- **Directions for this task**: Your output should be the complete listing, word for word, with no pictures in it.

- **Dataset section**:

◇ ◇ ◇ ◇ ◇

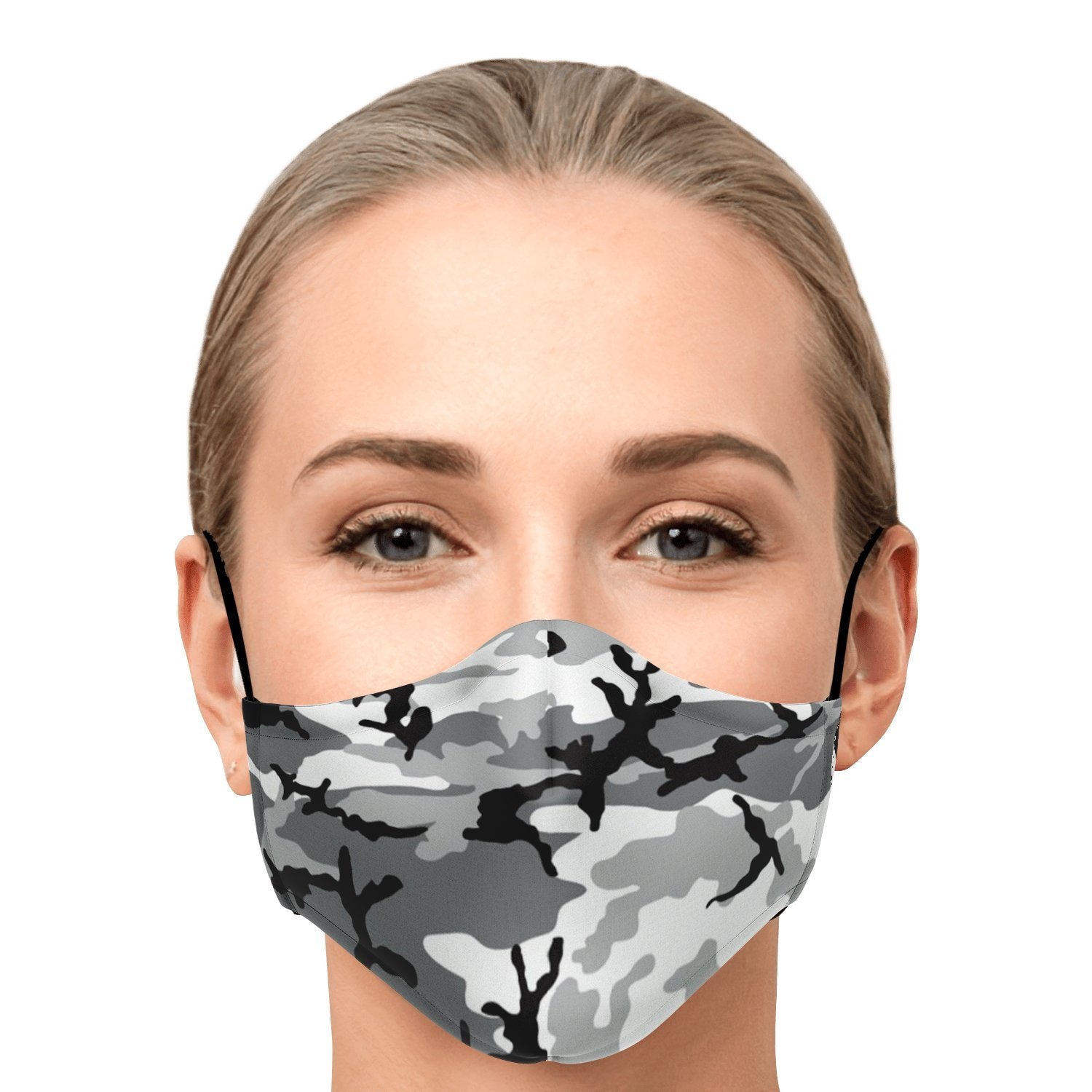 65 MCMLXV Unisex Grey Camouflage Print Face Mask - 65mcmlxv
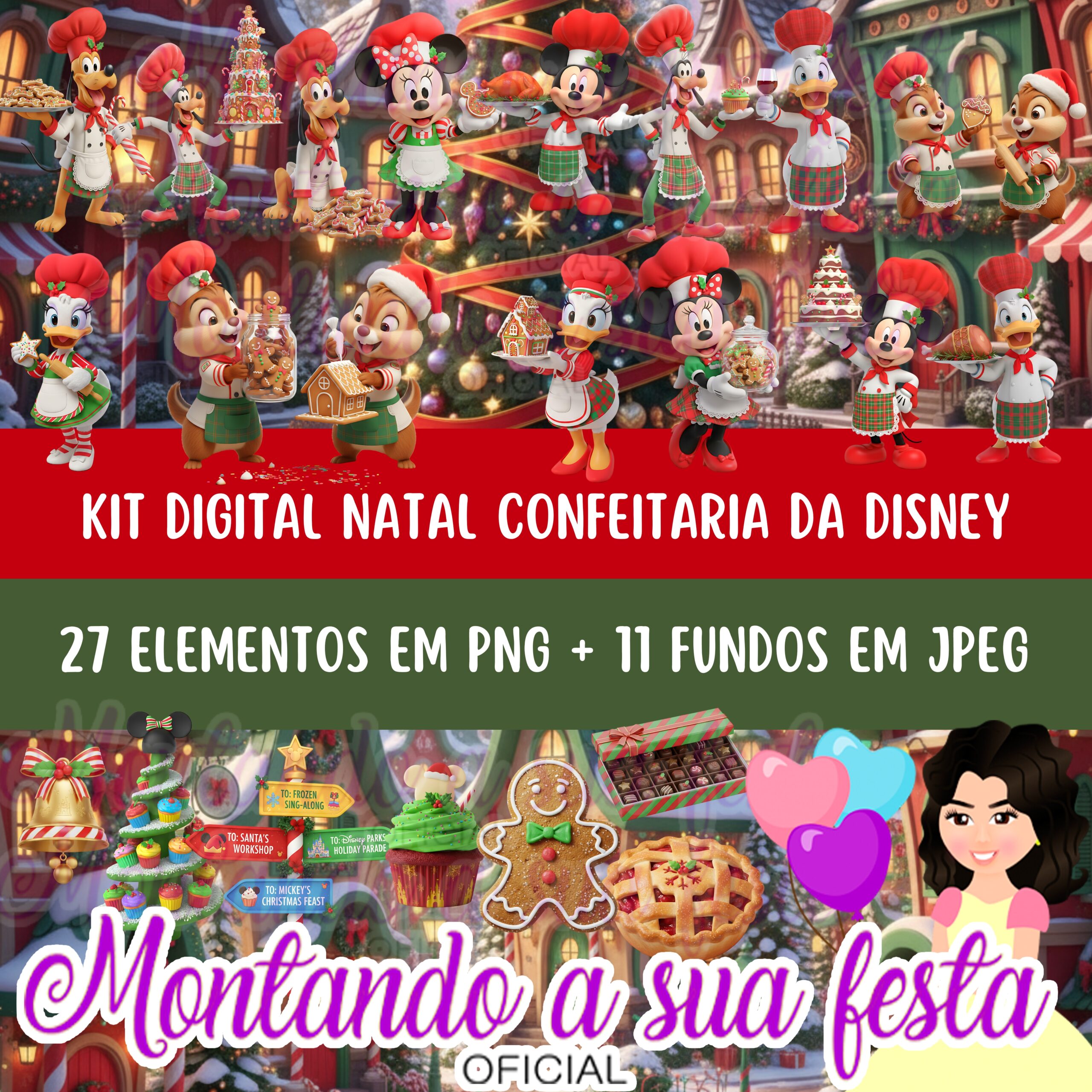 Natal Confeitaria da Disney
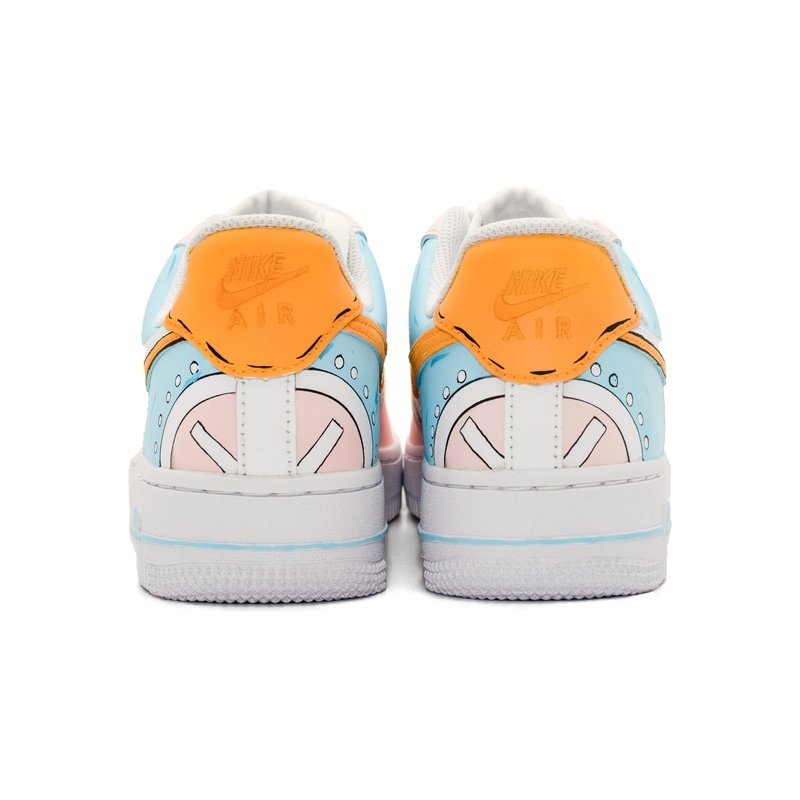Custom Air Force 1 Shoes Pink Blue Sailor Deer - Image 4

◇ ◇ ◇ ◇ ◇

- **Response**:
 65 MCMLXV Unisex Grey Camouflage Print Face Mask - 65mcmlxv
 Natal Confeitaria da Disney
Custom Air Force 1 Shoes Pink Blue Sailor Deer - Image 4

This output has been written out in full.